Quiconque paie les frais du capitaliste reçoit ses marchandises. Si la communauté veut bien les payer, comme cela devrait être, le capitaliste, avec la meilleure bonne volonté du monde, produira les objets de luxe aussi bien que les objets de première nécessité, en quantités étonnantes, suffisantes pour rendre chacun riche, et cela aussi vite que nous voudrons bien lui passer nos ordres.

L'employeur de main-d'œuvre, le patron moderne, n'est guère autre chose, de nos jours, qu'une sorte d'intendant qui gagne sa vie en appliquant une politique qui lui est dictée par la Finance, son maître. Il est probablement inconscient de ce fait, et il affirmera peut-être en toute bonne foi que sa politique lui est personnelle. Cela peut paraître vrai ; mais il y a deux choses qu'il ne faut point perdre de vue :

  1. Les hommes, quels que soient leurs goûts et leurs inclinations, choisissent inévitablement les affaires ou les occupations qui leur rapportent de l'argent peu ou prou, et laissent de côté celles où il n'y a rien à gagner. Une affaire appartient à l'une ou l'autre de ces catégories selon que les banques lui consentent ou non du crédit ;

  2. Un homme, dans les affaires, doit se tracer un programme, une politique conformes à ce qu'il pense devoir lui donner un rendement profitable ; et ceci encore est déterminé en direction et en volume par le crédit qu'il obtiendra.

L'on peut, par des moyens politiques ou autres, déposséder le patron, le chef d'entreprise, du capital qu'il dit être le sien, sans rien changer à la politique qu'il poursuit. L'on peut nationaliser l'industrie, nationaliser la banque même. Mais tant que les canons de la Finance moderne seront observés et tenus pour infaillibles, les maux que l'on identifie avec le capitalisme subsisteront. Et le canon de la Finance moderne responsable de tout le mal est celui qui veut que tous les frais de la production soient récupérés dans les prix.

C'est un axiome financier et commercial qu'il faut combattre et détruire. A aucun moment il n'existe suffisamment d'argent dans la poche du consommateur pour payer tous les frais en entier, étant donné qu'une bonne partie de ces frais consiste en dépenses passées. En acceptant cet axiome erroné, nous devons logiquement en accepter tout ce qui en découle : commerce déprimé, grèves et troubles, chômage, pauvreté, guerre, toute la trame des problèmes sociaux et politiques qui sont le cauchemar du monde.
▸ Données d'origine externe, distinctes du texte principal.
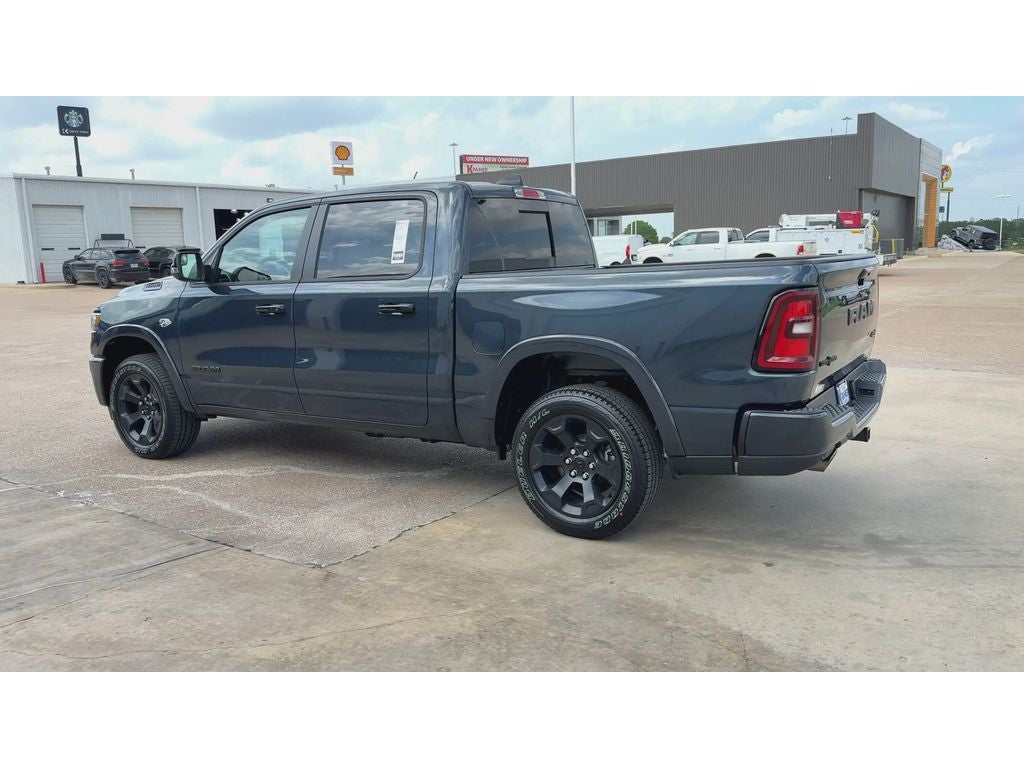 2026 RAM Ram 1500 RAM 1500 LONE STAR CREW CAB 4X4 5'7' BOX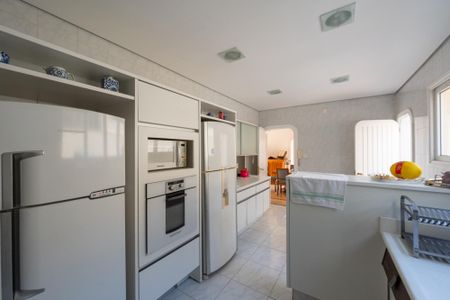 Casa à venda com 350m², 5 quartos e 4 vagasCozinha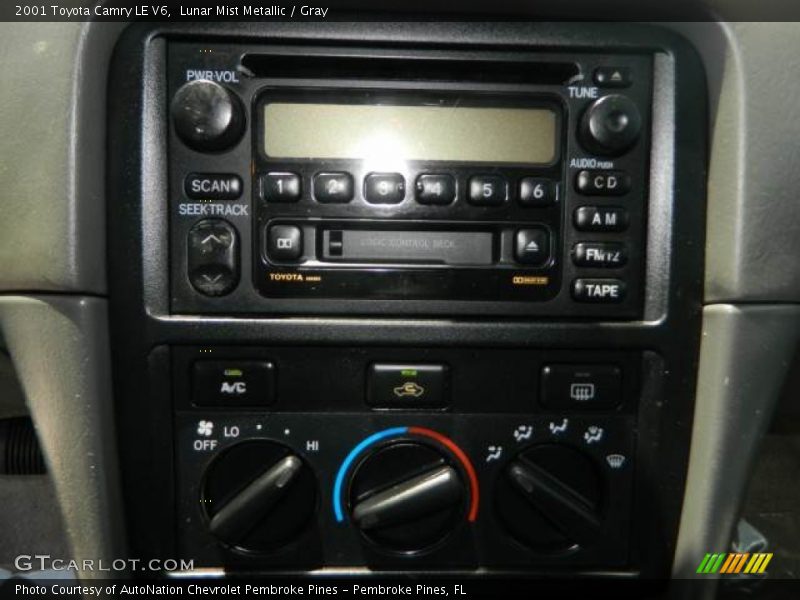 Lunar Mist Metallic / Gray 2001 Toyota Camry LE V6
Un travail acharné, la bonne volonté, le sacrifice, l'économie, l'épargne, — tous remèdes présumés tenus en haute estime par la Presse et les orateurs officiels du Parlement, — sont sans pouvoir aucun pour guérir ce qui est, après tout, une erreur de comptabilité, car toute Finance n'est autre chose que de la comptabilité.

Des entrées incorrectes ont détruit l'équilibre de la balance entre les prix et le pouvoir d'achat.

Seules, des entrées nouvelles, destinées à corriger ces erreurs, peuvent restaurer cet équilibre avec, bien entendu, les opérations financières pour lesquelles ces entrées seront faites.